From 1a3d205faf9e7f7cd0be2af751ed0050e558e61e Mon Sep 17 00:00:00 2001
From: Yu-Ju Hong <yjhong@google.com>
Date: Fri, 26 Feb 2016 14:26:58 -0800
Subject: [PATCH] kubelet: stop probing if liveness check fails

This change puts the worker on hold when the liveness check fails. It will
resume probing when observing a new container ID.
---
 pkg/kubelet/prober/worker.go      | 18 +++++++++++++++
 pkg/kubelet/prober/worker_test.go | 37 ++++++++++++++++++++++++++++++-
 2 files changed, 54 insertions(+), 1 deletion(-)

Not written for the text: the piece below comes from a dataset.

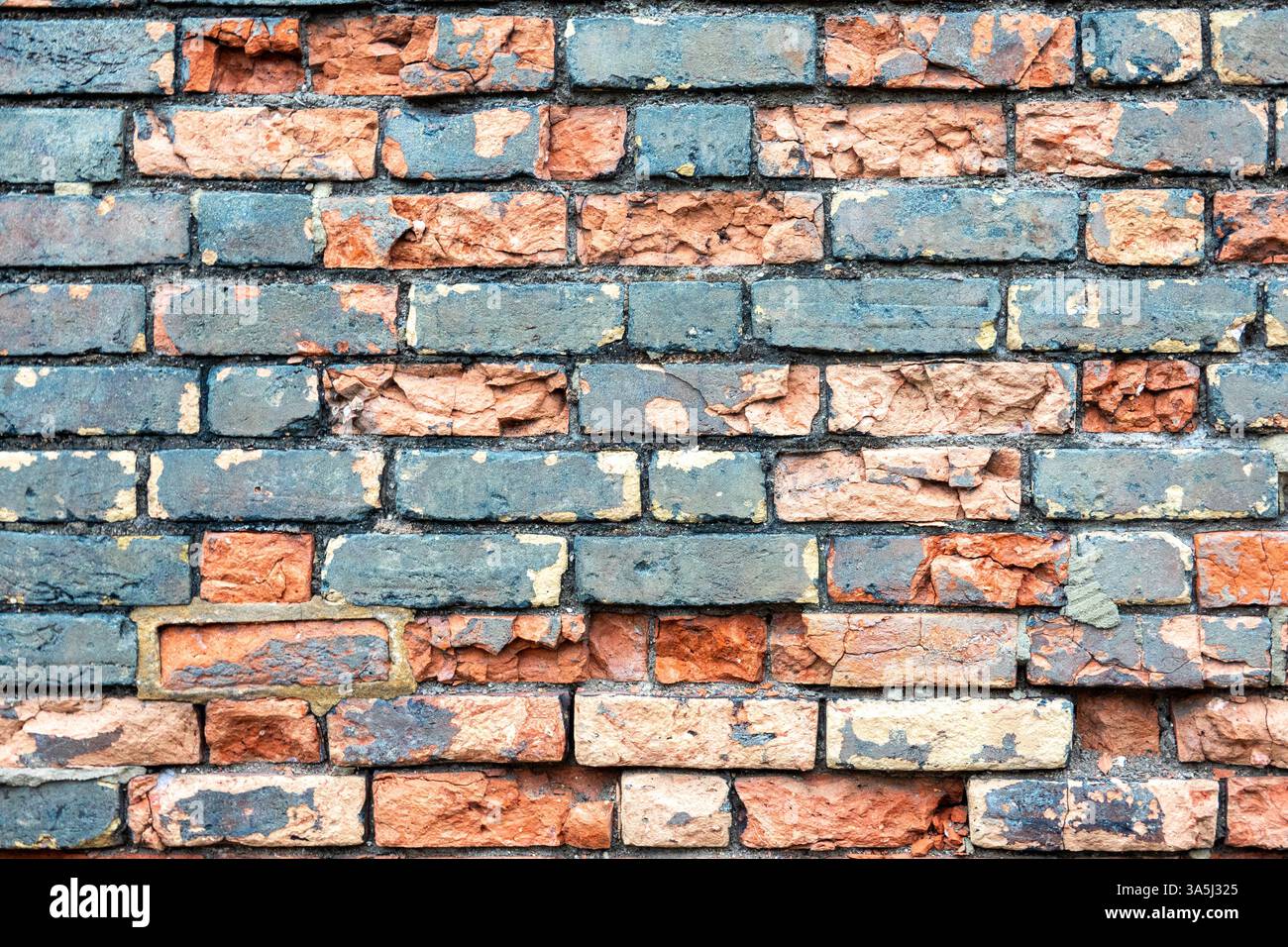 Mur de briques en ruine très abîmé Banque D'Images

diff --git a/pkg/kubelet/prober/worker.go b/pkg/kubelet/prober/worker.go
index 3a760541414..5067dd5474f 100644
--- a/pkg/kubelet/prober/worker.go
+++ b/pkg/kubelet/prober/worker.go
@@ -61,6 +61,9 @@ type worker struct {
 	lastResult results.Result
 	// How many times in a row the probe has returned the same result.
 	resultRun int
+
+	// If set, skip probing.
+	onHold bool
 }
 
 // Creates and starts a new probe worker.
@@ -165,6 +168,13 @@ func (w *worker) doProbe() (keepGoing bool) {
 		}
 		w.containerID = kubecontainer.ParseContainerID(c.ContainerID)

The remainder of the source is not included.